A Harvard School of Public Health study, published online in the Archives of Internal Medicine this week, examined the eating habits and health of more than 110,000 adults for more than twenty years and concluded that eating any amount or any type of red meat significantly increases the risk of premature death.
The study asserted that adding a daily serving of a hot dog or two slices of bacon caused a 20% higher risk of death. Past studies have linked the consumption of red meat, particularly processed red meat, with diabetes, heart disease and cancer. But this one goes much farther indicting meat as the principal cause of premature death.
The Harvard School of Medicine, whose studies are financed by multinational corporations with an agenda, concluded that the results suggest that, among the 37,698 men and 83,644 women who were tracked, as their meat consumption increased, so did their risk of mortality.
Mark Twain once said “There are three kinds of lies: lies, damned lies, and statistics.”
Twenty years of studying 100,000 plus people is just not enough time or sufficient participants (approximately .0003% of the U.S. population) to project these results as affecting a population of 349 million people. The study’s conclusions are shortsighted and terribly flawed.
For example, did the study participants eat red meat fed with genetically modified corn, shot-up with bovine growth hormones and daily doses of antibiotics as well as containing chemical “pink slime” to avoid E. coli?
It is unlikely any of the study participants ate grass-fed organic beef which contains no harmful chemicals?

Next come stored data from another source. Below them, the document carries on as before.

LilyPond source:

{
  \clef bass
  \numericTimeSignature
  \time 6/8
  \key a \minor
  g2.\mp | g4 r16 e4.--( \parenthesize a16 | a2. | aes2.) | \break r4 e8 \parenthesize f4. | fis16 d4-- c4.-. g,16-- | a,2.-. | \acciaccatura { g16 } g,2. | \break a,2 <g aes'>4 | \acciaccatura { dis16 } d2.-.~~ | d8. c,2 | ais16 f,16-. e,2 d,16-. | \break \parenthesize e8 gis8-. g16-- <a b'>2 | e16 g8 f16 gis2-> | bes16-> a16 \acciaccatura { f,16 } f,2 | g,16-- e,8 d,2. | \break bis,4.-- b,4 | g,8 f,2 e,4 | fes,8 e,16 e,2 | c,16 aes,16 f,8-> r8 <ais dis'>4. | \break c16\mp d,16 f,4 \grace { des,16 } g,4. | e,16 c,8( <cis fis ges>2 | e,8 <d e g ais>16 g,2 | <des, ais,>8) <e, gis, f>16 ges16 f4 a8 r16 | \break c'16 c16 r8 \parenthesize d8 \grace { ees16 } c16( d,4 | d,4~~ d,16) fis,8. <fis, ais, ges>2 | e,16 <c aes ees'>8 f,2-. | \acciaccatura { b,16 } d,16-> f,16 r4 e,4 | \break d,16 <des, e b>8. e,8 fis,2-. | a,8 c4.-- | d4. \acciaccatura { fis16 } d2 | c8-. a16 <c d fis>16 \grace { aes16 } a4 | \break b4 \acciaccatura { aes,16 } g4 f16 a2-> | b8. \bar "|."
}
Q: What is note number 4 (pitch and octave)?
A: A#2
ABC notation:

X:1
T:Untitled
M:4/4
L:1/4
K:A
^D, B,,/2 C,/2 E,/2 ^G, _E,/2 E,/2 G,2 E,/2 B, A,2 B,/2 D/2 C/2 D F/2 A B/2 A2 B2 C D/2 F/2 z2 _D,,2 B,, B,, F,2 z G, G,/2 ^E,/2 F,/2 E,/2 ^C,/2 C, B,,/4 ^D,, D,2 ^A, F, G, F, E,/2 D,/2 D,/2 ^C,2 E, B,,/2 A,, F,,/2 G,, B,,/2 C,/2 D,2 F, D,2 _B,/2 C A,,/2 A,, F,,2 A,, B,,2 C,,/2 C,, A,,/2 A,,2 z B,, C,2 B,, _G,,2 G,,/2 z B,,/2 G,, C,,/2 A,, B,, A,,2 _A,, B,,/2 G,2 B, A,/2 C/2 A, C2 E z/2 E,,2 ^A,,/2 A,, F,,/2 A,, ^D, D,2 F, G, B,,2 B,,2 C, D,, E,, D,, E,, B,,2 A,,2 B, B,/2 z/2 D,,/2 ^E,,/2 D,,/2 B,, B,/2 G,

Nor did the study identify whether the participants ate organic fruits and vegetables or conventionally grown fruits and vegetables that were no exposed to multiple applications of Monsanto’s Roundup.

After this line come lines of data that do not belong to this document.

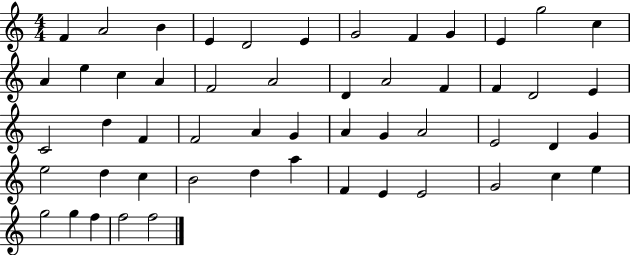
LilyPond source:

{
  \clef treble
  \numericTimeSignature
  \time 4/4
  \key c \major
  f'4 a'2 b'4 | e'4 d'2 e'4 | g'2 f'4 g'4 | e'4 g''2 c''4 | \break a'4 e''4 c''4 a'4 | f'2 a'2 | d'4 a'2 f'4 | f'4 d'2 e'4 | \break c'2 d''4 f'4 | f'2 a'4 g'4 | a'4 g'4 a'2 | e'2 d'4 g'4 | \break e''2 d''4 c''4 | b'2 d''4 a''4 | f'4 e'4 e'2 | g'2 c''4 e''4 | \break g''2 g''4 f''4 | f''2 f''2 | \bar "|."
}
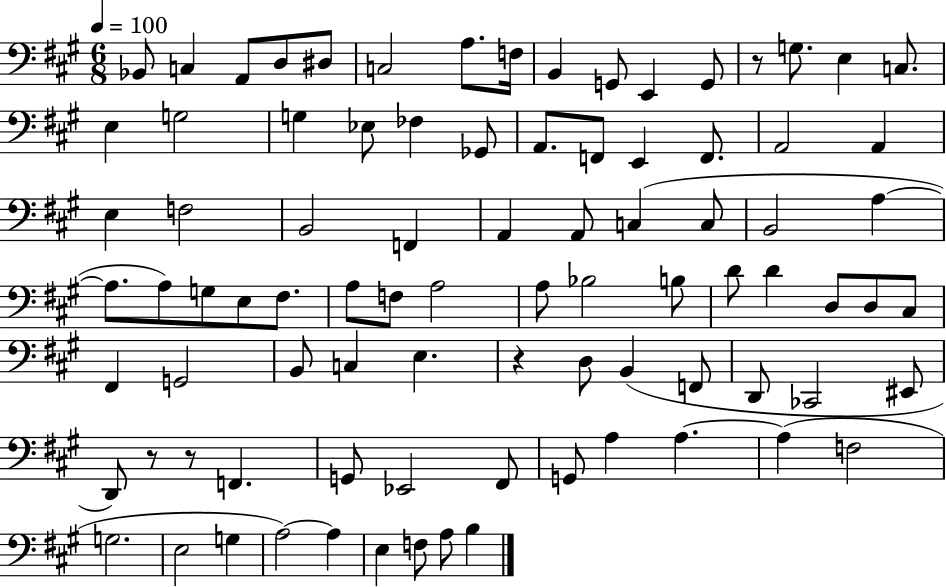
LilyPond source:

{
  \clef bass
  \numericTimeSignature
  \time 6/8
  \key a \major
  \tempo 4 = 100
  \repeat volta 2 { bes,8 c4 a,8 d8 dis8 | c2 a8. f16 | b,4 g,8 e,4 g,8 | r8 g8. e4 c8. | \break e4 g2 | g4 ees8 fes4 ges,8 | a,8. f,8 e,4 f,8. | a,2 a,4 | \break e4 f2 | b,2 f,4 | a,4 a,8 c4( c8 | b,2 a4~~ | \break a8. a8) g8 e8 fis8. | a8 f8 a2 | a8 bes2 b8 | d'8 d'4 d8 d8 cis8 | \break fis,4 g,2 | b,8 c4 e4. | r4 d8 b,4( f,8 | d,8 ces,2 eis,8 | \break d,8) r8 r8 f,4. | g,8 ees,2 fis,8 | g,8 a4 a4.~~ | a4( f2 | \break g2. | e2 g4 | a2~~) a4 | e4 f8 a8 b4 | \break } \bar "|."
}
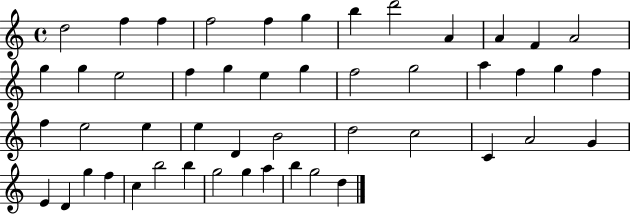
{
  \clef treble
  \time 4/4
  \defaultTimeSignature
  \key c \major
  d''2 f''4 f''4 | f''2 f''4 g''4 | b''4 d'''2 a'4 | a'4 f'4 a'2 | \break g''4 g''4 e''2 | f''4 g''4 e''4 g''4 | f''2 g''2 | a''4 f''4 g''4 f''4 | \break f''4 e''2 e''4 | e''4 d'4 b'2 | d''2 c''2 | c'4 a'2 g'4 | \break e'4 d'4 g''4 f''4 | c''4 b''2 b''4 | g''2 g''4 a''4 | b''4 g''2 d''4 | \break \bar "|."
}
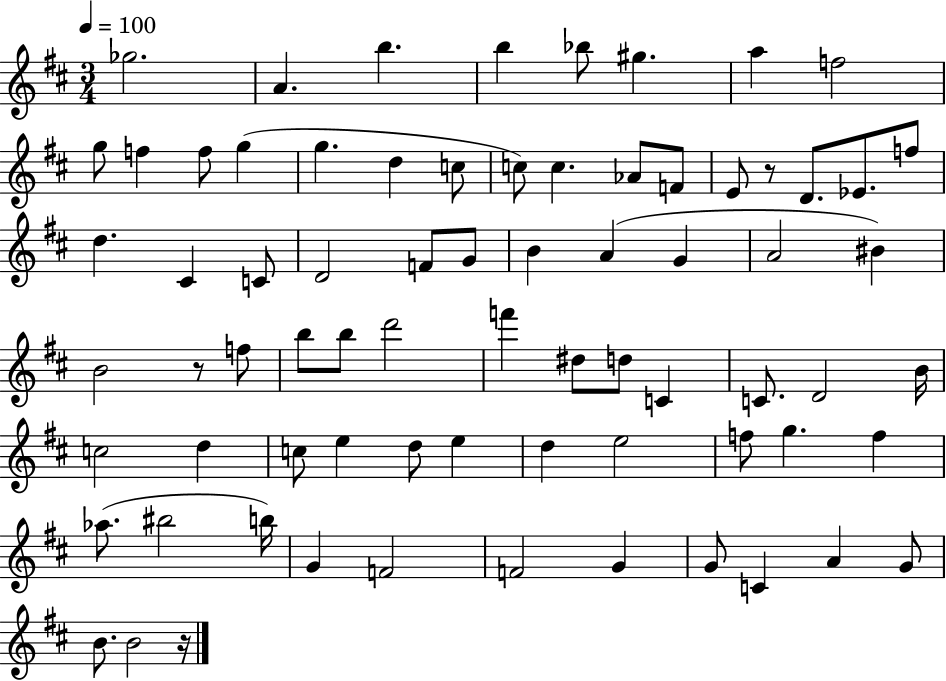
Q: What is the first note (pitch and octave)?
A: Gb5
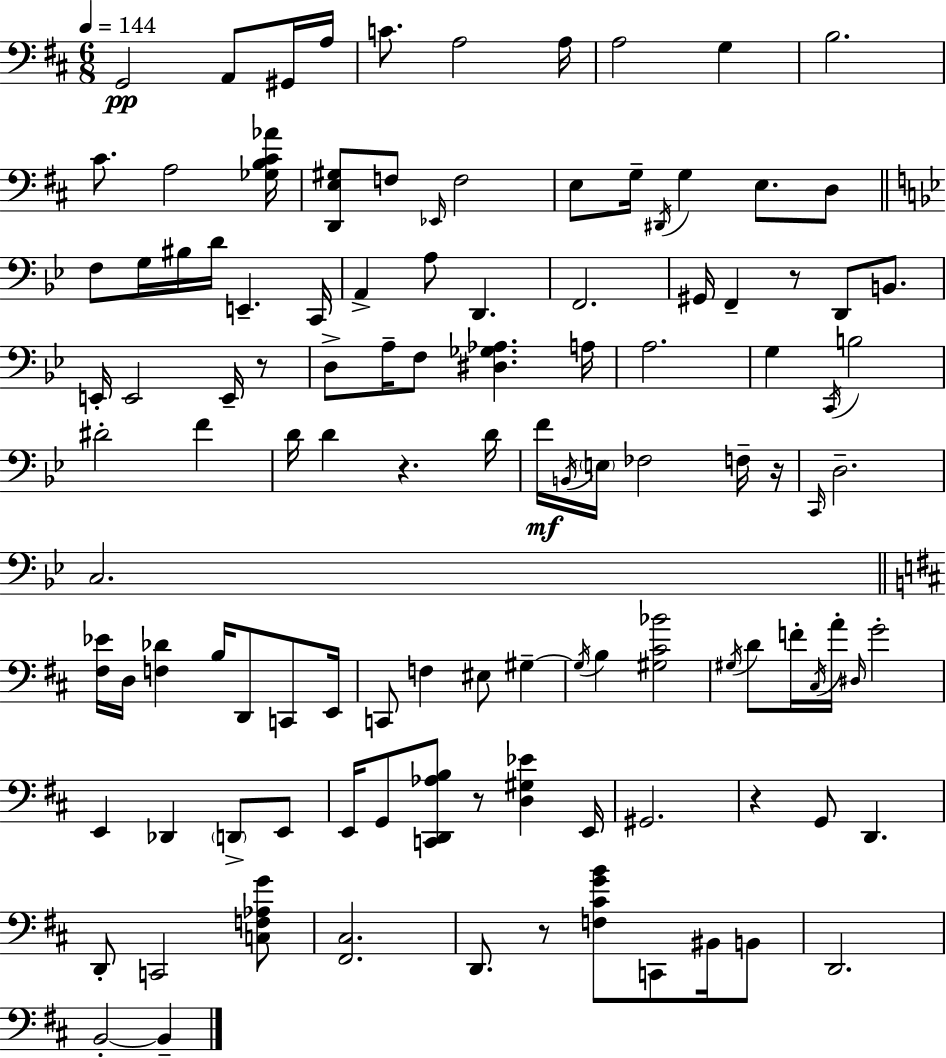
X:1
T:Untitled
M:6/8
L:1/4
K:D
G,,2 A,,/2 ^G,,/4 A,/4 C/2 A,2 A,/4 A,2 G, B,2 ^C/2 A,2 [_G,B,^C_A]/4 [D,,E,^G,]/2 F,/2 _E,,/4 F,2 E,/2 G,/4 ^D,,/4 G, E,/2 D,/2 F,/2 G,/4 ^B,/4 D/4 E,, C,,/4 A,, A,/2 D,, F,,2 ^G,,/4 F,, z/2 D,,/2 B,,/2 E,,/4 E,,2 E,,/4 z/2 D,/2 A,/4 F,/2 [^D,_G,_A,] A,/4 A,2 G, C,,/4 B,2 ^D2 F D/4 D z D/4 F/4 B,,/4 E,/4 _F,2 F,/4 z/4 C,,/4 D,2 C,2 [^F,_E]/4 D,/4 [F,_D] B,/4 D,,/2 C,,/2 E,,/4 C,,/2 F, ^E,/2 ^G, ^G,/4 B, [^G,^C_B]2 ^G,/4 D/2 F/4 ^C,/4 A/4 ^D,/4 G2 E,, _D,, D,,/2 E,,/2 E,,/4 G,,/2 [C,,D,,_A,B,]/2 z/2 [D,^G,_E] E,,/4 ^G,,2 z G,,/2 D,, D,,/2 C,,2 [C,F,_A,G]/2 [^F,,^C,]2 D,,/2 z/2 [F,^CGB]/2 C,,/2 ^B,,/4 B,,/2 D,,2 B,,2 B,,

There was also no mention of the amount of packaged and frozen foods that were consumed by study participants, many such products containing more than 150 chemical ingredients, mostly carcinogenic.

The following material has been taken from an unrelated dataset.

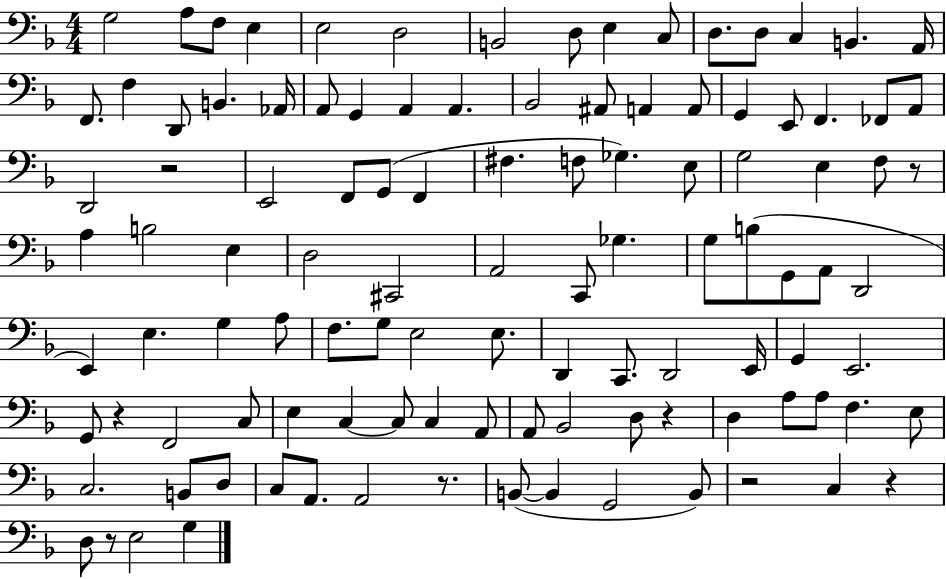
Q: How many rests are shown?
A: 8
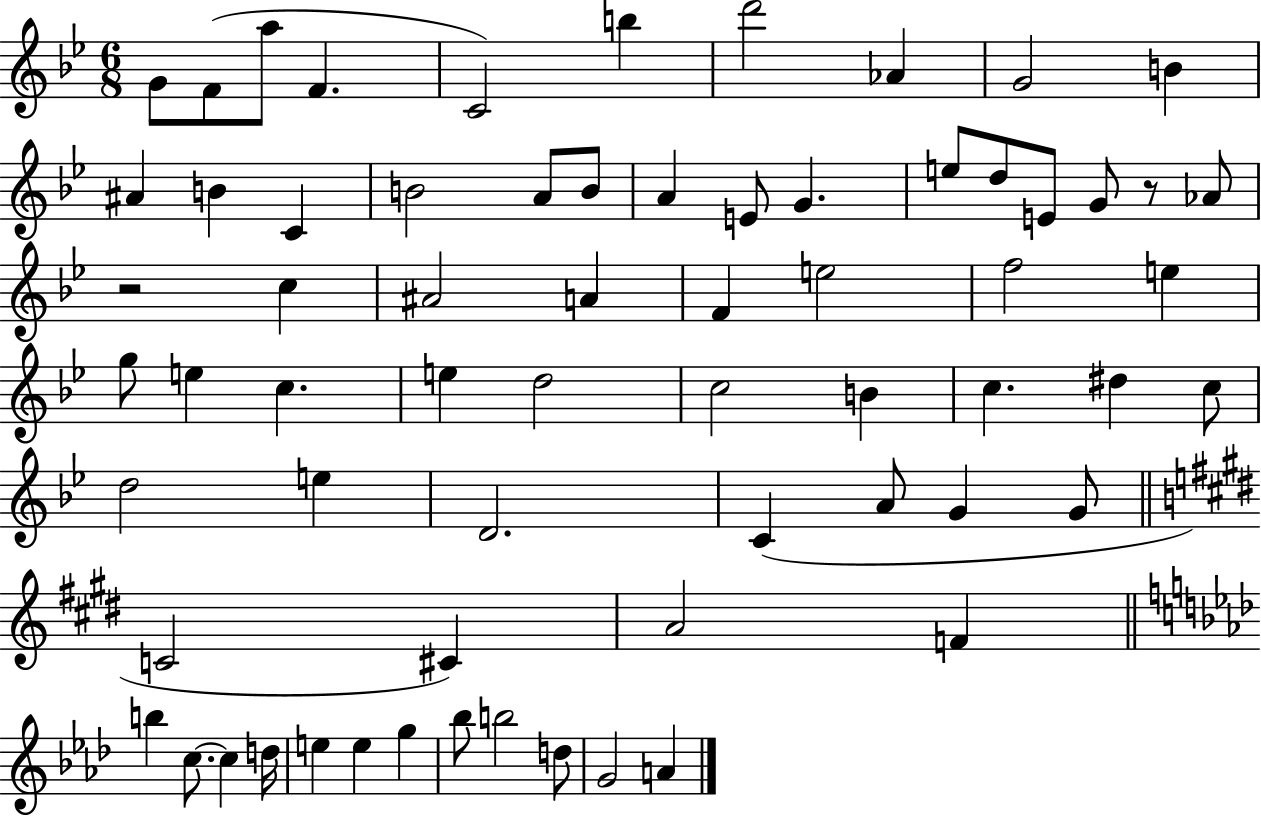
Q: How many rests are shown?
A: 2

It should be noted that the “Greatest Generation” has outlived all others before it eating meat every day of the week. But the meat that generation ate, until the last two decades, was grass-fed organic meat. And the dairy that generation consumed was free of bovine growth hormones, daily shots of antibiotics and not fed genetically modified corn and soy.
The study data does not differentiate between the participants’ diets, nor does it trace the sugar or alcohol consumption of the participants. There was also no indication of how many of them smoked or how many of the ones who died smoked or worked in environmentally hazardous jobs or locations.
And how many of the 110,000 surveyed actually died. […] Were there autopsies to determine whether the red meat was really a factor in their death as opposed to other causes such as accidents, metals poisonings or reactions to medicines. All common causes of death in our modern society. And there are a legion of other possible causes of death that render the study’s statistics flawed.
And what about those participants who did not die? No one knows how long the they will live and any projection of their life span based upon this small sampling of our population is terribly flawed. Isn’t the study just speculating at what will happen to the surviving study participants over their lifetimes?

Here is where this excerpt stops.